Because fundamentally, most folks just aren't that creative. They want to modify something cool, instead of trying to come up with something great-looking from scratch.

Like these models from "Create Your Minis" own Kickstarter stretch goals:


Man! let me pick an animation pose on one of these babies, swap a few weapons/details, and ship it to my door already! They have the character that's always going to be missing from the models their web app is designed to create.

What does everyone else think?

8 comments:

  1. If you look at the miniatures already available from existing providers, there is not much that these kind of projects can offer at the moment. Considering the effort that it takes to design what you want, you may as well allow professionals to be employed to do that work. I know that there are issues as well with the materials that they print with, more specifically; the way they interact with commonly used paint media. I think this technology has a long way to go before it finds its niche.

    ReplyDelete
    Replies
    1. Everything has to start somewhere. These guys are among the pioneers of what will one day be something awesome. The first metal and plastic minis weren't all that great by today's standards either.

      There's a place for a system like this, with a better interface. But I think the future will be professionally designed models that can be easily 'modded' into something unique to each player. Such that there will be a continuum of mods (and modders). All the way from custom heraldry, to weapons, to arms/heads, to full models.

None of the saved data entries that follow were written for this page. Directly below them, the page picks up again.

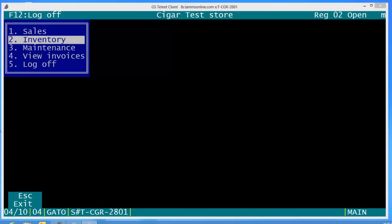In an earlier video we showed you how to transfer out inventory from one store to another. In this video we're going to show you how to bring all of that inventory into your store, and we can do it very simply.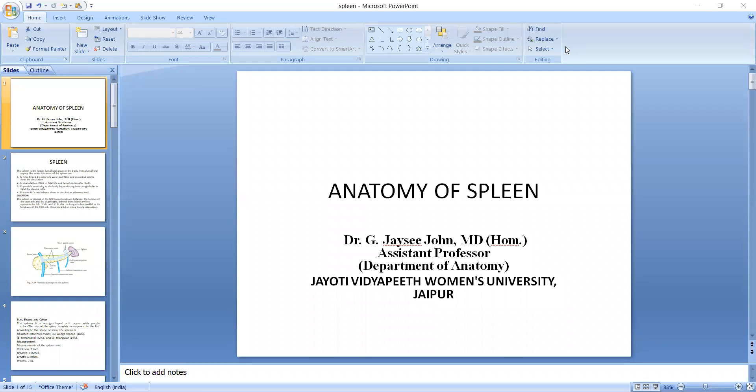Hi, I am Dr. Jessie John, Assistant Professor, Department of Anatomy, Choti Vidya P. Truman's University.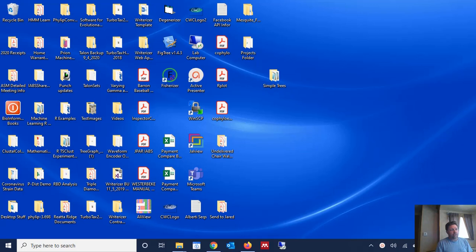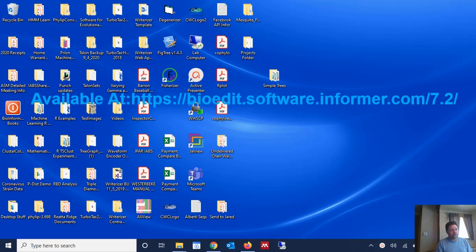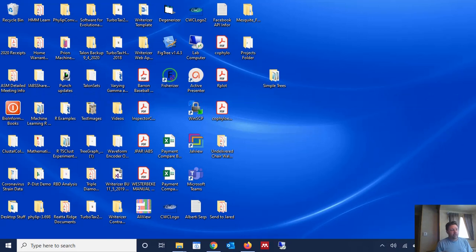And we're going to use a software program called BioEdit that's freely available on the web and I'll post a link in this video of where to access that and where to download it from. But we're going to use BioEdit to create that identity matrix.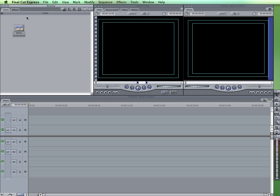Final Cut Express allows you to bring in your media a number of different ways. You can import them, you can do log and transfer, and you can also capture. Each one is for doing it a different way for different kinds of media depending upon where they're coming from.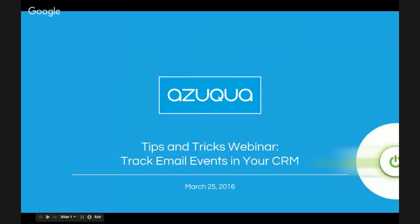Hello everyone, and thank you for joining Azuqua's weekly tips and tricks webinars. I'm Claire Machado, one of the customer success managers here at Azuqua, and today we're going to be talking all about the HubSpot channel.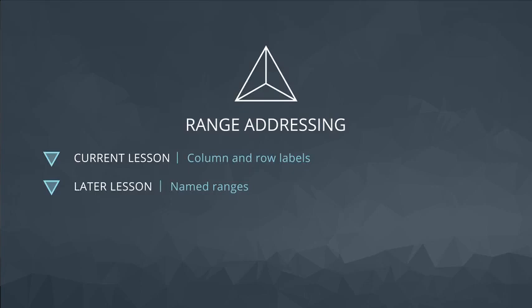Next, I want to show you something else that's special about addressing with spreadsheets. That's the idea of relative versus absolute addressing.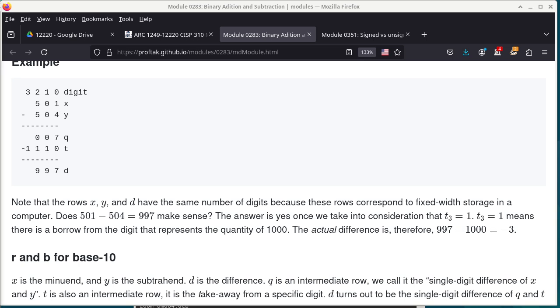I'm not going to spend time reviewing binary addition since we already lost a day. Going back to review would lose more time, so I'm going to start with decimal subtraction first. The decimal subtraction example: we're trying to compute the difference between 501 and 504, all in base 10.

      All that's really missing is a marketplace to set standards and allow the producers and the modders to interact in a healthy, profitable way.

      Delete
  2. I was literally at www.heroforge.com fifteen minutes before reading this. Its nowhere near as freeform as the site listed above, but the interface is heaps better. However what really struck me and made me stop was the cost. More $ than GW for a model quality that they recommend not painting :(

    I think that print your own has a much better target market among RPG'ers. When I DM I often want six different monsters, when I wargame I want squads.

    ReplyDelete
    Replies
    1. I've got some 28mm infantry on the way from Shapeways. I'll be doing a series of posts on how good they look, and how easily they paint up.

      Delete
    2. Oh, and the models I ordered were 4 figures for $22.85. Single-pose, non-custom.

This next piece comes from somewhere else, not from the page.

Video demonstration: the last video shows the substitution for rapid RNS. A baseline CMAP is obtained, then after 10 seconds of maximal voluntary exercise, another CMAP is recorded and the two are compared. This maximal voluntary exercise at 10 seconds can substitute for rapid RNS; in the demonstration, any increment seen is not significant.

      That's pretty price competitive with unassembled GW plastics, and way cheaper than their metal/finecast prices.

      Delete
  3. I am test painting a model for a new company; it's clear from the kinds of challenges they are facing just how formative this technology is, they are creating a new type of business from scratch which is exciting but also a stab in the dark. They really are pioneers and I'm sure the icebreaking they do now will benefit the industry for a long time to come.

    ReplyDelete
  4. Really interesting. I'm very curious to see some of the painters on the web make and get some of these models. All the 3D printers I've had access to are horrible at printing things this small.